SUPPLIED ENTRIES:
★ ★ ★

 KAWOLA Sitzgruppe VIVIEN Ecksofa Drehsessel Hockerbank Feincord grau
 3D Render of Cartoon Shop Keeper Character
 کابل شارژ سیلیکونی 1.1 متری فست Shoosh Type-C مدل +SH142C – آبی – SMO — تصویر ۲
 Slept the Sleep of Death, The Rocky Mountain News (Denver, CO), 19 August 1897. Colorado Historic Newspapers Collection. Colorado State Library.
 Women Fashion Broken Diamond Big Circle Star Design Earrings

★ ★ ★

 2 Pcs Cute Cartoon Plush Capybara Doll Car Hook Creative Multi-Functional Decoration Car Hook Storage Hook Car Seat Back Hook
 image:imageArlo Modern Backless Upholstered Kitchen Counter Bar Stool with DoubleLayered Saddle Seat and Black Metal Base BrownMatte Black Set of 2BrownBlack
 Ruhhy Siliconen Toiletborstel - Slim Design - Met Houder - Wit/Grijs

★ ★ ★

Filter the records above for lines containing the word "Seat", and copy those lines.

 2 Pcs Cute Cartoon Plush Capybara Doll Car Hook Creative Multi-Functional Decoration Car Hook Storage Hook Car Seat Back Hook
 image:imageArlo Modern Backless Upholstered Kitchen Counter Bar Stool with DoubleLayered Saddle Seat and Black Metal Base BrownMatte Black Set of 2BrownBlack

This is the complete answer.